## Data records
___

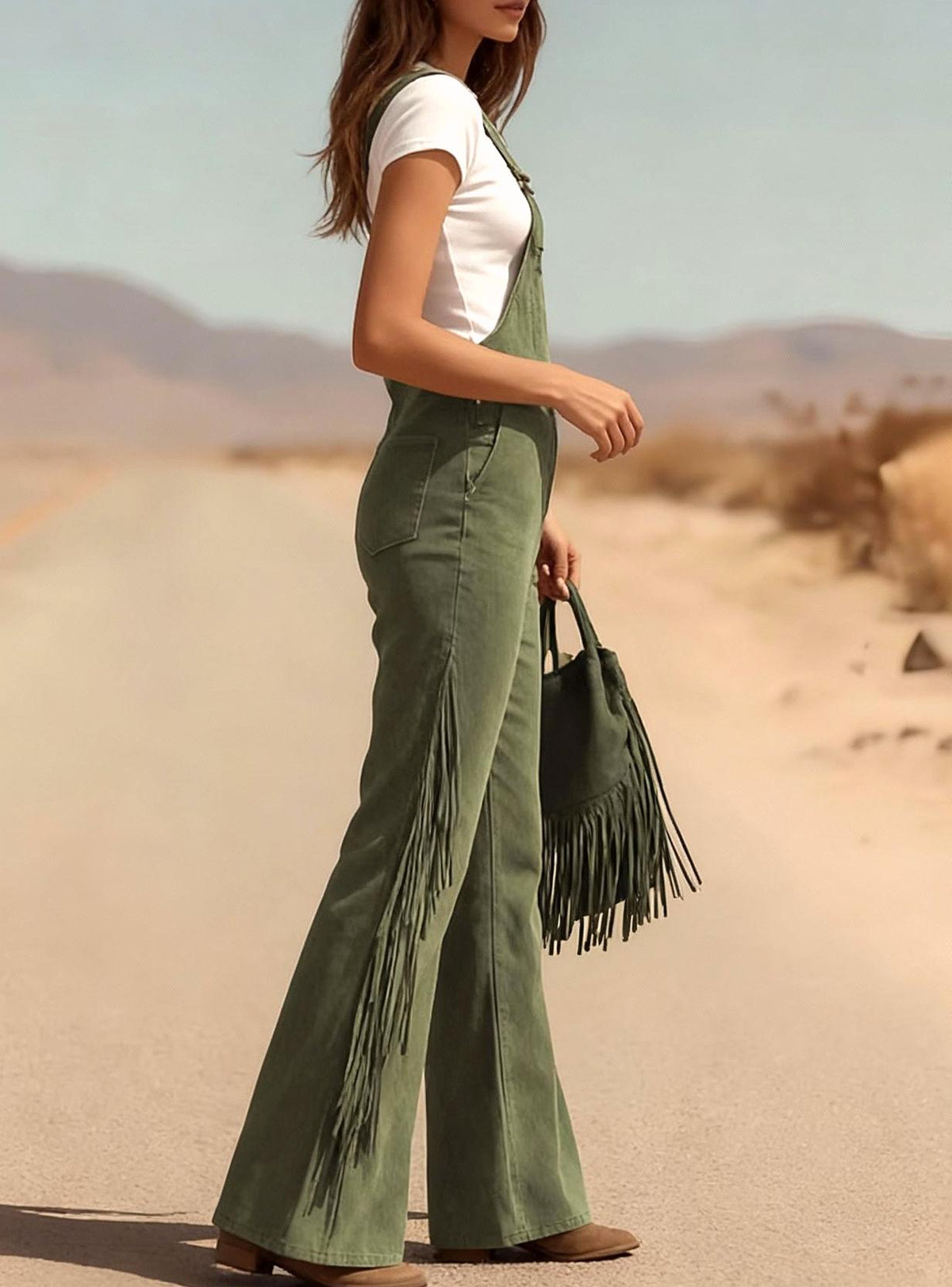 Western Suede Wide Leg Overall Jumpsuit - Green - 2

___

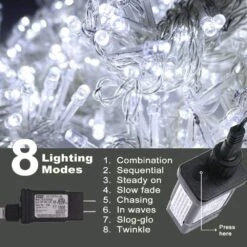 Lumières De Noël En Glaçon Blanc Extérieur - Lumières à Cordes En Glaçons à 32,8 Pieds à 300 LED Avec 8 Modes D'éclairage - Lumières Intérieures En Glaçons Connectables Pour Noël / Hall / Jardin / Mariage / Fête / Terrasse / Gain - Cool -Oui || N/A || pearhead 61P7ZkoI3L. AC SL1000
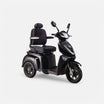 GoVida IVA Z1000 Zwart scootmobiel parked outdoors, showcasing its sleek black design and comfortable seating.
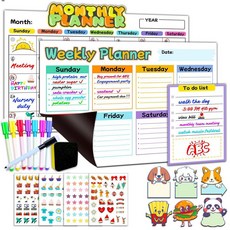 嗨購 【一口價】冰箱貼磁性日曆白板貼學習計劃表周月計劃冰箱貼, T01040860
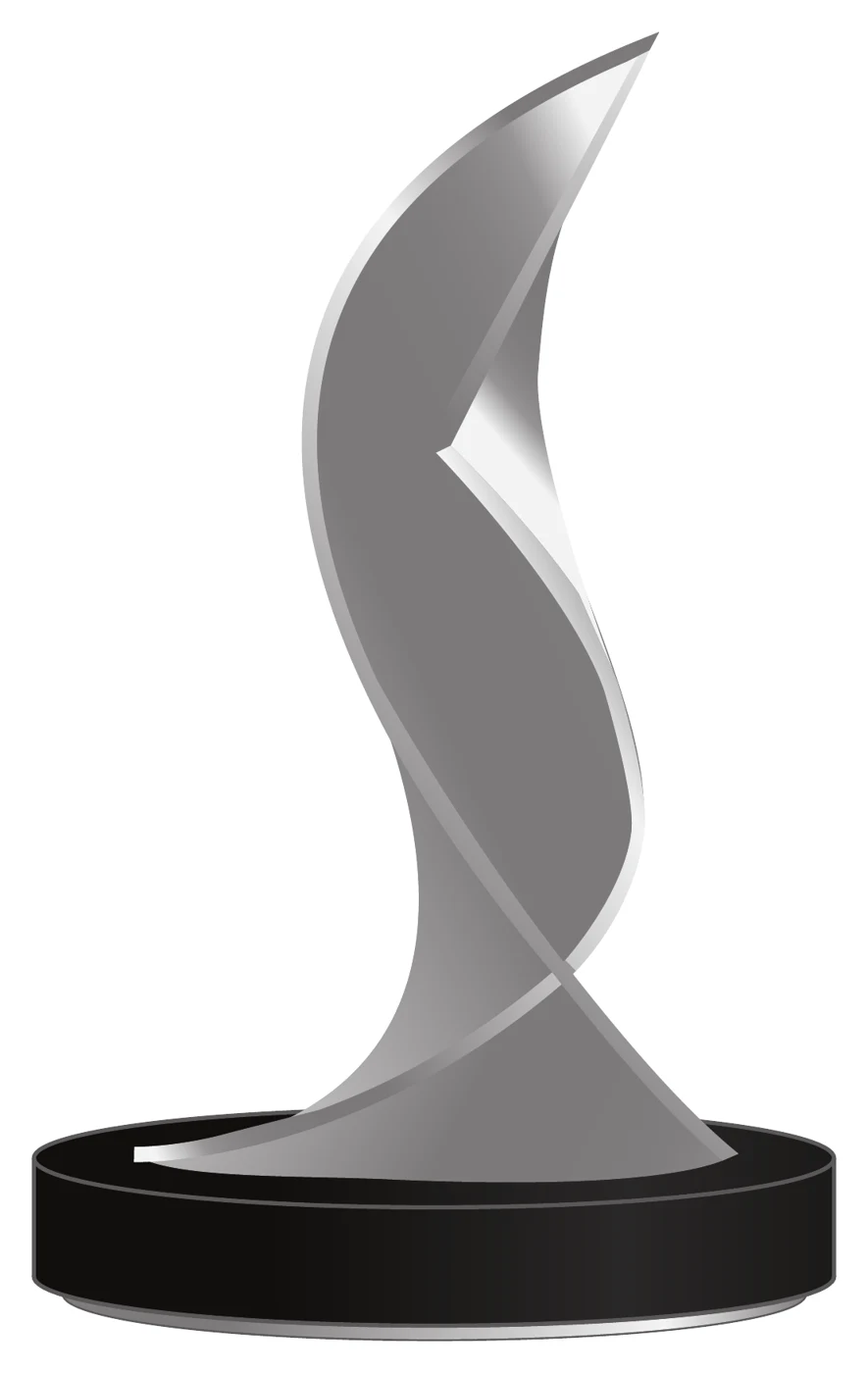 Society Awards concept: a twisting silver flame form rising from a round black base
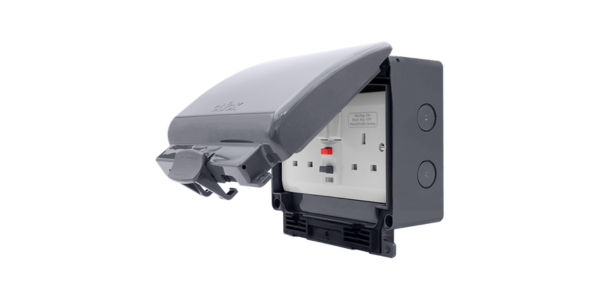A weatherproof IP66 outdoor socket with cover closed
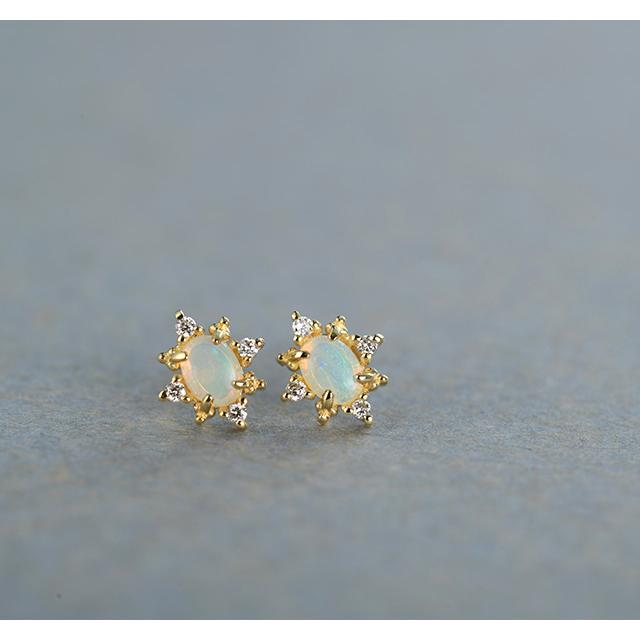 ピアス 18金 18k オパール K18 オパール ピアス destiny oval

___

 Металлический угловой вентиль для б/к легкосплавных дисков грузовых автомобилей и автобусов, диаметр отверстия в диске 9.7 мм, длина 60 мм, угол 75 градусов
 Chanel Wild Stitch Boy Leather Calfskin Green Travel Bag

___

## Task goal
Return only the stretch above from the line containing "Society Awards concept: a" through the line containing "ピアス 18金 18k オパール K18 オパール ピアス destiny oval", word for word and without pictures.

## Worked solution
 Society Awards concept: a twisting silver flame form rising from a round black base
A weatherproof IP66 outdoor socket with cover closed
 ピアス 18金 18k オパール K18 オパール ピアス destiny oval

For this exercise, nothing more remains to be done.